她低着头,把照片收好,站起身,走回房间。
她不知道该怎么形容自己的心情。
有愧疚,她什么都不知道;也有遗憾,她永远都没机会跟父亲好好说声谢谢。
她躺在床上,看着天花板,眼泪顺着眼角流下来。
06
冷静期最后一天,何秀兰签了安乐死同意书。她握着笔,手很稳,没有发抖。签完字,她把笔放下,对工作人员说:“可以了。”
工作人员把文件收走了。何秀兰坐在房间里,看着窗外,等最后的通知。
太阳光从窗户照进来,落在她的手上。
她摊开手掌,看着自己的掌纹,忽然想起母亲临终前拉着她的手说的那句话:“小兰,妈不在了以后,你自己要照顾好自己。”
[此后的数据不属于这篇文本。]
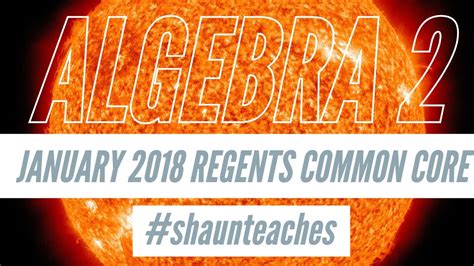 Algebra 1 regents study guide. Algebra 2 Regents January 2018 #15 - YouTube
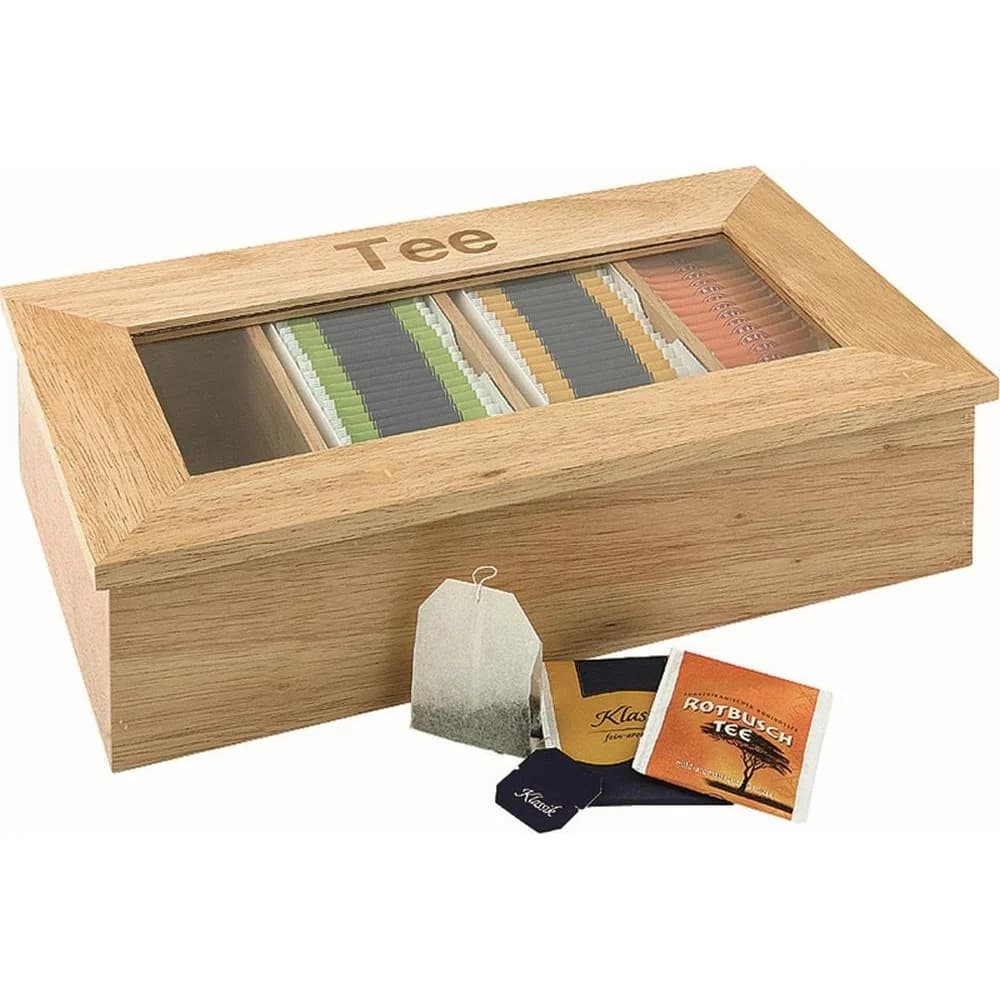 APS Teebox mit 4 Kammern natur beige, 33.5x9x20 cm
“妈,对不起。”何秀兰自言自语,“我可能做不到了。”
她掏出手机,给蒋一鸣发了条消息:“妈很好,你在家好好照顾自己。”
蒋一鸣没回。何秀兰看着手机屏幕,等了很久,最后还是把手机收了起来。
下午两点,护士来敲门。一个外国护士,金发蓝眼,说话温柔:“何女士,准备好了吗?”
何秀兰点了点头。她站起身,跟着护士走进那个白色的小房间。房间不大,中间放着一张床,旁边是注射设备。窗帘拉着,灯开着,一切都很安静。
何秀兰在床上躺下来,护士在旁边准备药物。她看着天花板,心里很平静。这几个月来的所有煎熬、恐惧、痛苦,终于要结束了。
“何女士,您确定吗?”护士用中文重复了一遍确认程序。
“确定。”何秀兰说。
护士拿起了注射器,靠近何秀兰的手臂。何秀兰闭上眼睛,等待那一刻的到来。
就是这时候,门突然被撞开了。
何秀兰睁开眼,看到马慧颖站在门口,头发散了,脸上全是汗。她手里举着一份文件,声音发颤:“何女士,不能打!”
护士愣住了,手上的注射器悬在半空。何秀兰坐起来,看着马慧颖。
“这是国内省人民医院发来的紧急通知!”马慧颖冲过来,把文件递给她,“您的病理切片复核了,三家医院都说不是癌症!是误诊!根本就没有癌细胞!”
何秀兰接过文件,手指在发抖。上面印着省人民医院的红章,最上方一行加粗的黑字:“关于何秀兰病理切片复核结果的紧急通知”。
她的手开始抖得厉害,怎么也拿不住那张纸。文件啪嗒一声掉在地上。她抬起头,看到房间里所有人都看着她,马慧颖的眼睛里全是泪光。
“何老师,您没有癌症。”马慧颖又说了一遍,“您是被误诊的。”
何秀兰脑子里一片空白。
她张了张嘴,想说点什么,却说不出话。
她忽然想起周涛医生给她看报告时的表情,想起蒋宏那些“关心”的语气,想起他问房子卖了多少钱时那迫切的眼神。
“周涛医生已经停职了。”马慧颖说,“警方调查发现,他的病历记录被人为篡改了,调换了您的病理切片。这件事,跟您丈夫有关。”
“他……”何秀兰声音沙哑,“他做了什么?”
“他行贿周涛,伪造了您的癌症诊断。”马慧颖说,“他想逼您卖掉房子,然后转移卖房款。他欠了两百万赌债。”
何秀兰坐在床边,一动不动。她忽然觉得好笑,又觉得悲凉。二十年的夫妻,到头来抵不上几百万赌债。
她低下头,看着地上那份文件,眼泪一滴一滴掉在纸面上。
护士已经把注射器放回了托盘。房间里安静得可怕。何秀兰慢慢站起来,走到窗边,拉开了窗帘。
窗外阳光很好,湖面波光粼粼。她深吸一口气,觉得这空气比刚才好闻多了。